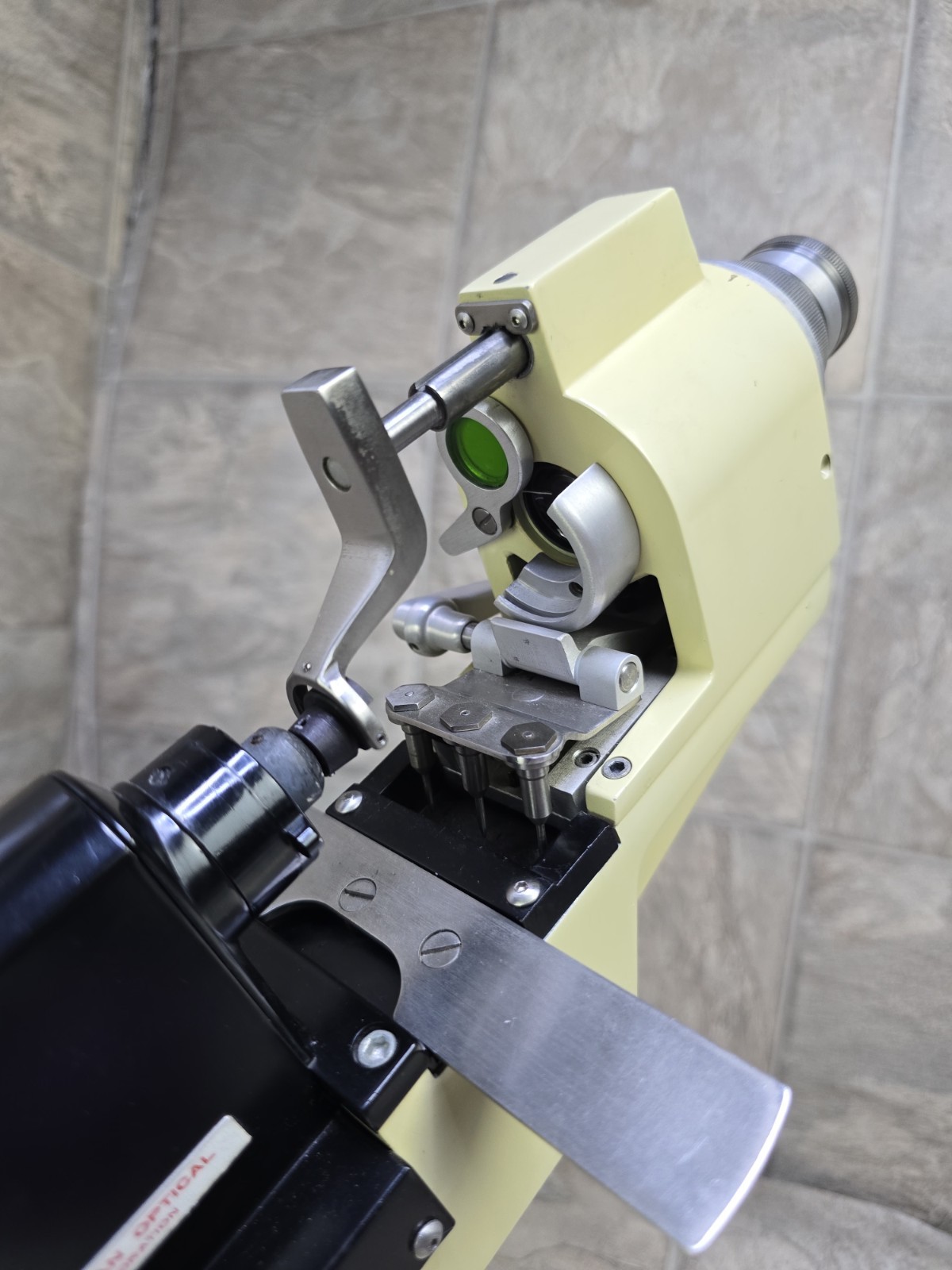 American Optical LENSOMETER (model:12603) 15 Watts /115 Volts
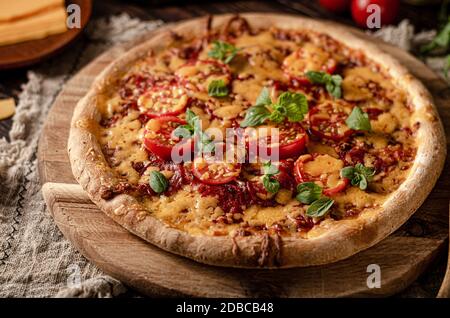 Pizza maison rustique avec chesse de cheddar et salami épicé Banque D'Images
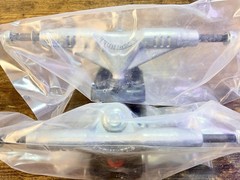 Vintage NOS Gullwing Sidewinder Trucks 9” Wide Raw 80s Skateboard Trucks Mint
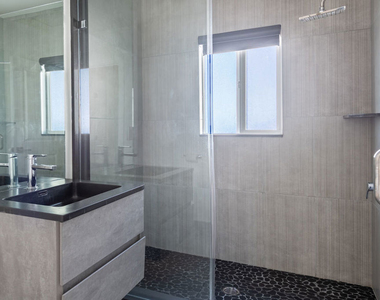 5327 Willis Avenue - Photo Thumbnail 8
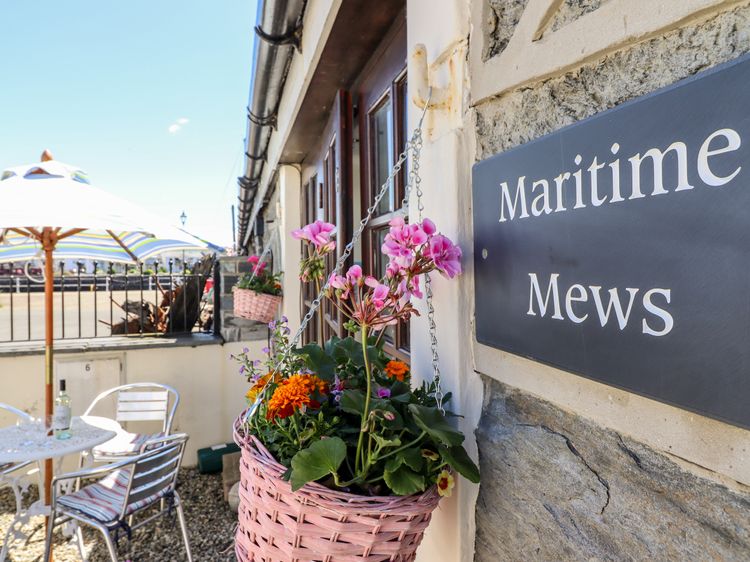 Maritime Mews, 6 The Oakleys, listing photograph 2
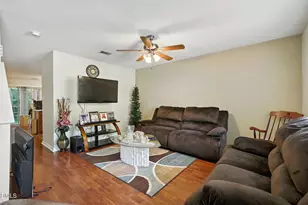 10 Hartford Ct, Durham, NC 27707 - Photo 3
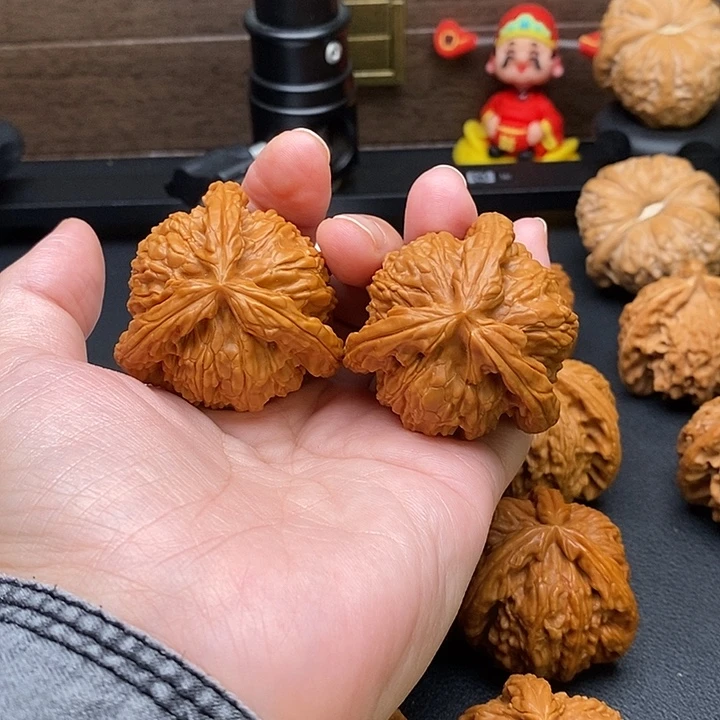 褚***橙把件文玩核桃白奔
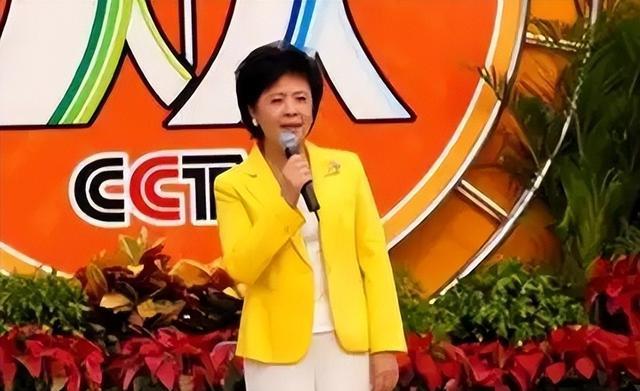 曾经的央视主持一姐,退休后却成了精神病患者!今69岁现状如何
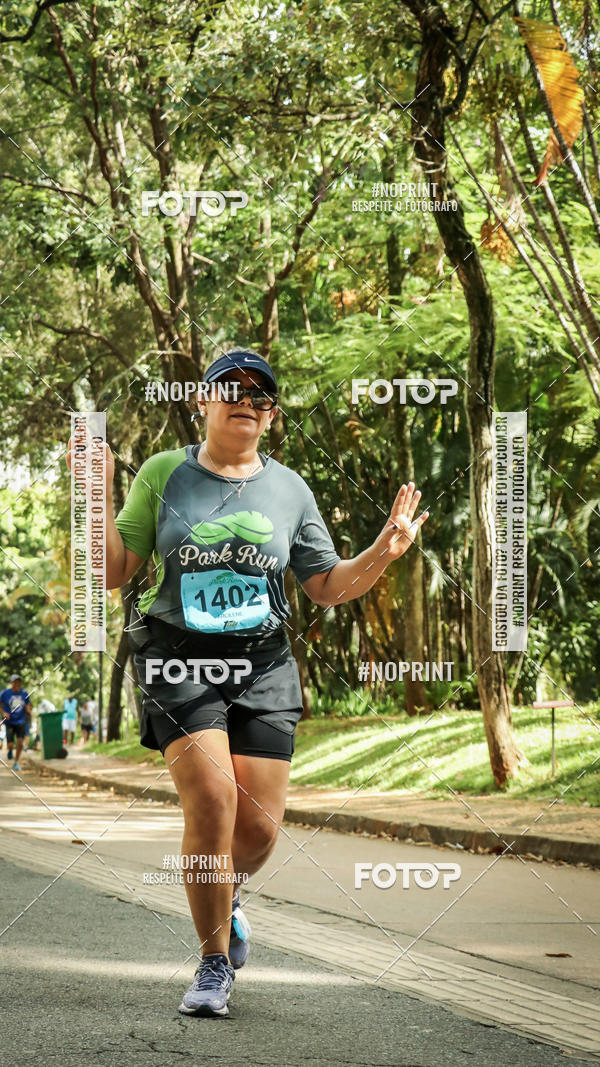 Buy your photos of the eventPark Run on Fotop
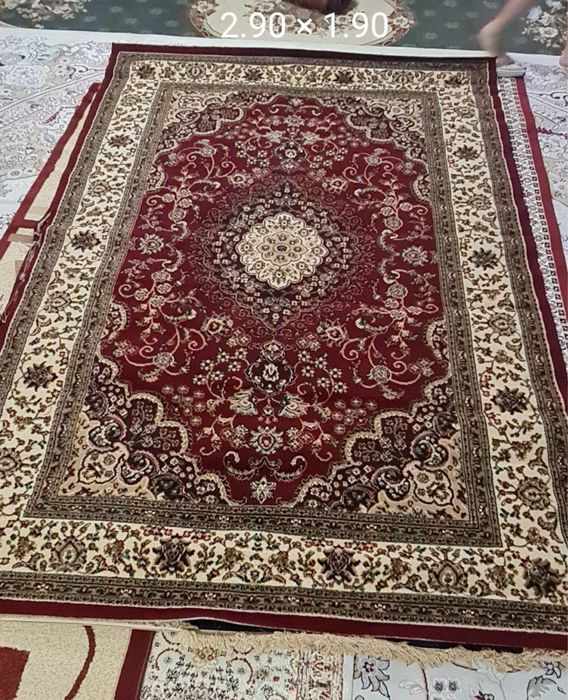 Ковры в хорошем состоянии.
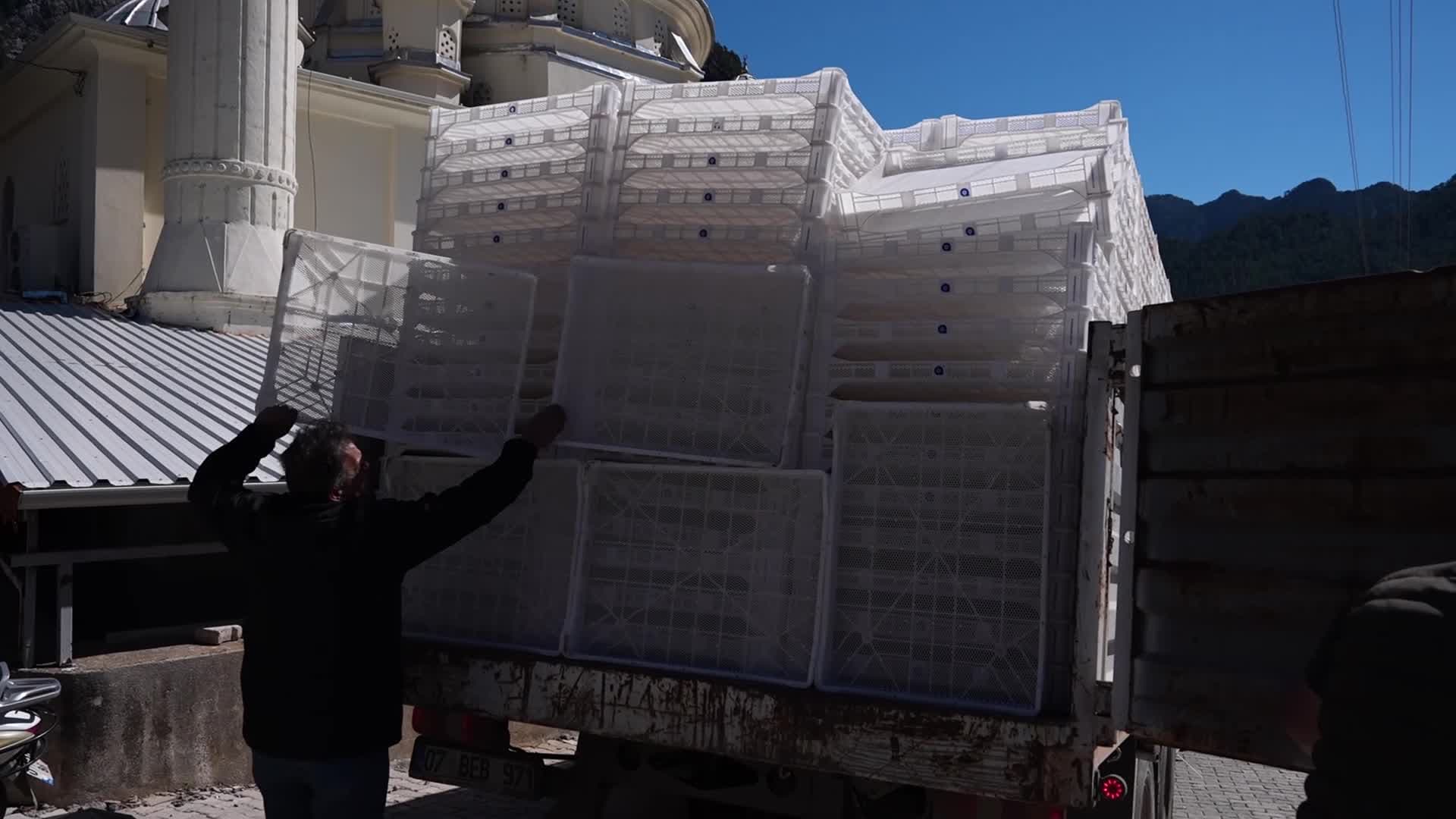 Antalya Büyükşehir Belediyesi'nden ipek böcekçiliğine destek... 565 besleme tabl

▶ _Activity_:
The output should consist of every entry above, printed exactly, with the images removed.

▶ _Written answer_:
 American Optical LENSOMETER (model:12603) 15 Watts /115 Volts
 Pizza maison rustique avec chesse de cheddar et salami épicé Banque D'Images
 Vintage NOS Gullwing Sidewinder Trucks 9” Wide Raw 80s Skateboard Trucks Mint
 5327 Willis Avenue - Photo Thumbnail 8
 Maritime Mews, 6 The Oakleys, listing photograph 2
 10 Hartford Ct, Durham, NC 27707 - Photo 3
 褚***橙把件文玩核桃白奔
 曾经的央视主持一姐,退休后却成了精神病患者!今69岁现状如何
 Buy your photos of the eventPark Run on Fotop
 Ковры в хорошем состоянии.
 Antalya Büyükşehir Belediyesi'nden ipek böcekçiliğine destek... 565 besleme tabl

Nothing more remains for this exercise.